En ese sentido, el máster en Dirección Empresarial, Marcos Zúniga, comentó que “el principal activo de una organización radica en su talento humano, las empresas pueden tener capital, infraestructura, materiales, equipos y software de última generación, pero si no tienen personas, no pueden producir algo de valor a la sociedad”.
Las causas
Según Zúniga, las posibles causas por las que un colaborador podría declinar de su puesto son: un difícil clima laboral, cambio de prioridades e incluso valores, falta de innovación y emprendimiento, burocracia de procesos, el desempeño no incide en los incentivos, no existen planes de carrera profesional y, definitivamente, un mal jefe que no da apertura a nuevas ideas. Sin embargo, para minimizar el impacto de algunas de estas situaciones el experto aconseja:
-Dar valor a cada persona como individuo. “La principal ventaja competitiva que tiene su empresa frente a las demás probablemente reside en la forma en que aprecian a su personal”, explicó. ¿Se adaptarán estas personas al resto del equipo? ¿Por qué esta persona quiere trabajar en nuestra institución? ¿Quiere una oportunidad de crecimiento profesional o solo busca algo de estabilidad laboral? Definitivamente que analizar estas interrogantes evitará frustraciones en el futuro, tanto para la empresa como para la persona.

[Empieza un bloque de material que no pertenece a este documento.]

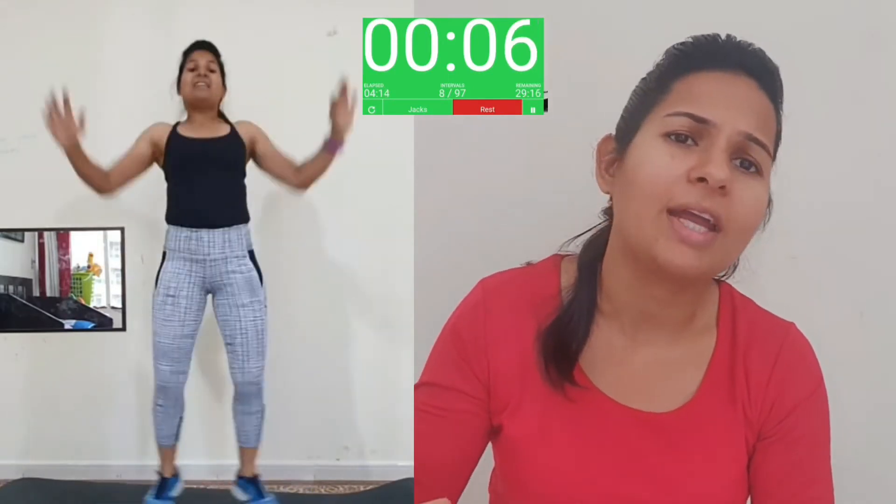In an interval workout, we mostly bring our heart rate up to about 70 to 80 percent of our maximum heart rate. Then the rest interval gives us some rest, and we can continue and repeat the same.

-Fomentar el voluntariado. El sentido de autorrealización o aporte a la sociedad es un importante aliado en el desarrollo del valor de la lealtad hacia la organización entre las personas, señala el conocedor.
Es así que sugiere la implementación de un “Programa 10/10”, en donde la empresa permita que el empleado pueda dedicar un 10% de su jornada laboral para involucrarse en algún proyecto de voluntariado social, con el compromiso de que este apoyará por lo menos con un 10% de su tiempo libre.
-Utilizar la tecnología. ¿Tiene idea de cómo está el clima laboral de su empresa ahora mismo? ¿Cómo ha estado en los últimos 6 a 12 meses? ¿Está mejor o peor que hace un año? Estas son preguntas difíciles para cualquiera, pero la buena noticia es que existen soluciones informáticas para registrar el estado de ánimo de las personas, almacenar su historial, organizarlas mediante equipos de trabajo, reportes personalizados, entre otros.
Hoy en día existen aplicaciones de paga por servicios como Niko Niko y Culture Amp o el MoodPanda (esta última gratuita), herramientas que ayudan a medir el clima laboral de sus organizaciones y el registro histórico ayuda como una guía en la toma de decisiones sobre viajes o incluso para la contratación de talleres específicos sobre gestión del entusiasmo, detalló nuestro entrevistado.
Por último, debemos facilitar la movilidad interna: en una organización de gran tamaño y con múltiples localidades ¿cómo se puede estar seguro de que cada persona está desarrollando todo su potencial?
Puede ser que alguien haya ingresado a la institución hace años, pero ahora mediante estudios esta misma persona ha adquirido otras competencias que antes no tenía.
“Una manera práctica de hacer esto es facilitando intercambios o movilidad a lo interno de la empresa. ¿De verdad tiene que contratar de afuera a su próximo especialista o puede simplemente recolocar a una persona que ya es parte de la institución en ese nuevo puesto?”, concluyó el conocedor.